The holy grail of speech science — making conversation with a computer easier than typing — is still a long way off. Today's software makes lots of mistakes, and its main market is users who have no other option, including office workers who suffer from carpal-tunnel syndrome. Yet progress is being made, and Kanevsky's technology is sneaking into daily life. His employer, IBM, and competitors Nuance and Speechworks offer enterprise products that replace those endless touch-tone-phone menus with a computerized attendant that can connect you directly to the right person. The big users are banks and airlines, who use the software to let callers book flights automatically. About $240 million worth of speech software was sold in 2001, according to tech research firm IDC. It expects sales to surpass $1 billion by 2006.

Kanevsky is an unlikely player in this industry. He had to get a special waiver to study math at Moscow State University, where no accommodation was made for him. He learned to lip-read teachers and fellow students, and still relies on lipreading — in English and Russian — rather than the sign language used by most deaf people.

Kanevsky's first invention, designed while he was in school, is a wearable motor that translates speech into lower-frequency vibrations that can be felt on the skin. Kanevsky created it to help him learn to lip-read the speech of new acquaintances. He marketed the product through an Israeli company and still wears the original device on his arm. IBM's speech-research team, impressed by his math genius and practical inventiveness, outbid others to bring him to the company's Yorktown Heights, N.Y., research facility in 1986.

Because of his deafness, Kanevsky says, "I considered speech more mathematically and tried to find mathematical patterns rather than acoustic ones." One of his first breakthroughs was to teach computers a new way of picking out individual words in a stream of sound. Kanevsky's mathematical method made it possible for people to talk to ordinary computers without pausing ... after ... each ... word. Derivatives of this algorithm, first published in 1991, are used in many of today's voice-recognition products.

Still, the technology has been slow to evolve, and IBM nearly killed its speech-recognition project in the early 1990s, when the company was struggling. "We had no product," Kanevsky explains. So he made a grandstand play. He connected recognition software to a telephone and was able to read the words of callers from around the world without the help of a human transcriptionist. "It helped push the morale of speech researchers higher," he says, and impressed senior managers enough to save the project.

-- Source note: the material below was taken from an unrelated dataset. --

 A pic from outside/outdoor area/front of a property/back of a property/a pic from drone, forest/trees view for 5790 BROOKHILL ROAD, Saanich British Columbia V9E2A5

Kanevsky's latest device is a tablet-size computer, with microphone attached, that transcribes whatever it hears. The software is "speaker independent," meaning it can transcribe anyone's speech without having to learn the voice of each new speaker. An earlier version of the software was a hit with deaf visitors to Kanevsky's lab, who carried it around on much bulkier laptops. The visitors, who did not read lips, found that the software let them connect more easily with the outside world, making others' speech visible. The new version is small enough to carry in a free hand. It's still experimental, but judging from Kanevsky's past, it may find a market.